My guilty pleasure is false nails. Yup, I love ‘em. I love the elegance, the colours, and I love an hour to myself once a month to play ladies.
I was in my favourite nail spa recently, watching the awesome old 80’s videos on a continual MTV loop, listening to Richard Marx pining his unrequited love, late at night alone in a hotel, in a colour-less, black and white montage, faithfully promising that he will be right here waiting for her.
I wonder now if Richard Marx is still right there waiting for her or did he move on and get a life? Is Cher still wanting to turn back time or has she realised that she should live in the present moment? Does Foreigner even know what love is yet?
And right there in the nail salon, it dawned on me.

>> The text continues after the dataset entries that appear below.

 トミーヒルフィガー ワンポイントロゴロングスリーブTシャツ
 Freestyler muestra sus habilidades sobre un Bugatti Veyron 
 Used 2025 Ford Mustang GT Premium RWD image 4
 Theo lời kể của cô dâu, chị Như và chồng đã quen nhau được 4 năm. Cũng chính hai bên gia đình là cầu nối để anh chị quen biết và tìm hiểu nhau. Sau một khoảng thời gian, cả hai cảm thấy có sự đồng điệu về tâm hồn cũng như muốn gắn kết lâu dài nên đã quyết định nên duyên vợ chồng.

Power Ballads are for Codependents.
I spent my teens watching Richard Marx, and crazily obsessing over some poor unwitting object of my codependent obsession.

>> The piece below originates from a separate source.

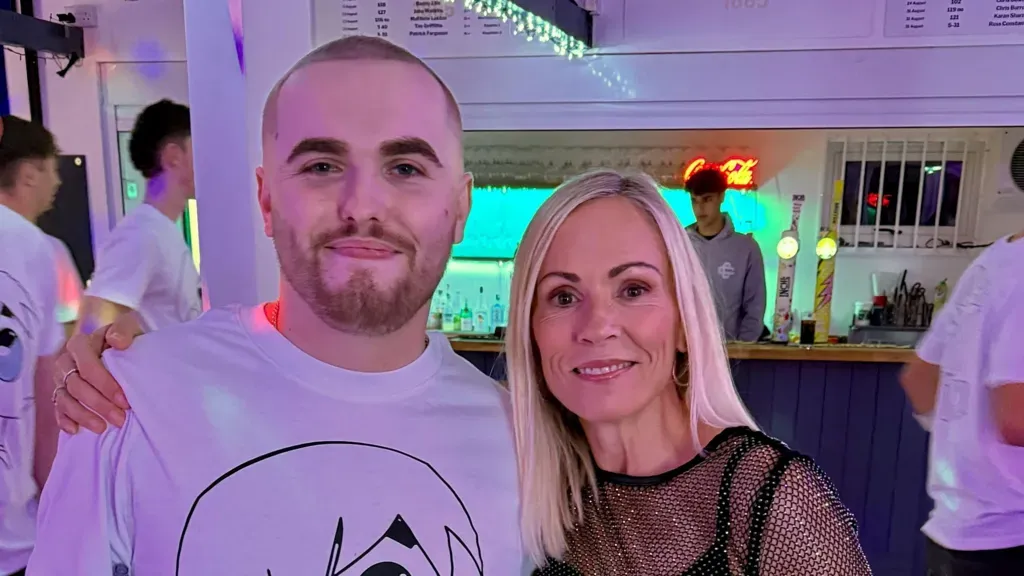 Zac édesanyjával - a fiú még élne, ha az orvosok jobban figyelnek rá és észreveszik a hererákot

I went into my 20's with Bridget Jones, watching movie re-runs in my pyjamas, singing by myself into my wine glass. Fortified by a good drop of red, I believed that I could wish and hope and pray Colin Firth into my very own living room.
Of course by my thirties, I was getting more up close and personal with the likes of Dr Phil and Oprah. I was realising I was possibly, slightly, maybe more than a little broken.
I’ve grown up now though. I’ve read more than a few spiritual and self-help books, so I think I'd like to spent my 40's working on a mature, mutually respectful, communicative and honest relationship.
Disney. You and me. We need to talk.